Clustering Systems of Phylogenetic Networks

Rooted acyclic graphs appear naturally when the phylogenetic relationship of a set $X$ of taxa involves not only speciations but also recombination, horizontal transfer, or hybridization, that cannot be captured by trees. A variety of classes of such networks have been discussed in the literature, including phylogenetic, level-1, tree-child, tree-based, galled tree, regular, or normal networks as models of different types of evolutionary processes. Clusters arise in models of phylogeny as the sets $\mathtt{C}(v)$ of descendant taxa of a vertex $v$. The clustering system $\mathscr{C}_N$ comprising the clusters of a network $N$ conveys key information on $N$ itself. In the special case of rooted phylogenetic trees, $T$ is uniquely determined by its clustering system $\mathscr{C}_T$. Although this is no longer true for networks in general, it is of interest to relate properties of $N$ and $\mathscr{C}_N$. Here, we systematically investigate the relationships of several well-studied classes of networks and their clustering systems.
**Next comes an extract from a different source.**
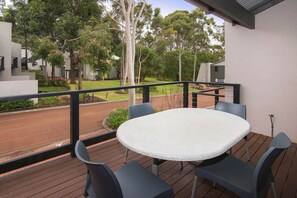 A balcony with a round table and four chairs, overlooking a street with trees and modern buildings. - Margarets Forest (Margaret River)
The main results are correspondences of classes of networks and clustering system of the following form: If $N$ is a network of type $\mathbb{X}$, then $\mathcal{C}_N$ satisfies $\mathbb{Y}$, and conversely if $\mathscr{C}$ is a clustering system satisfying $\mathbb{Y}$ then there is network $N$ of type $\mathbb{X}$ such that $\mathscr{C}\subseteq\mathscr{C}_N$.This, in turn, allows us to investigate the mutual dependencies between the distinct types of networks in much detail.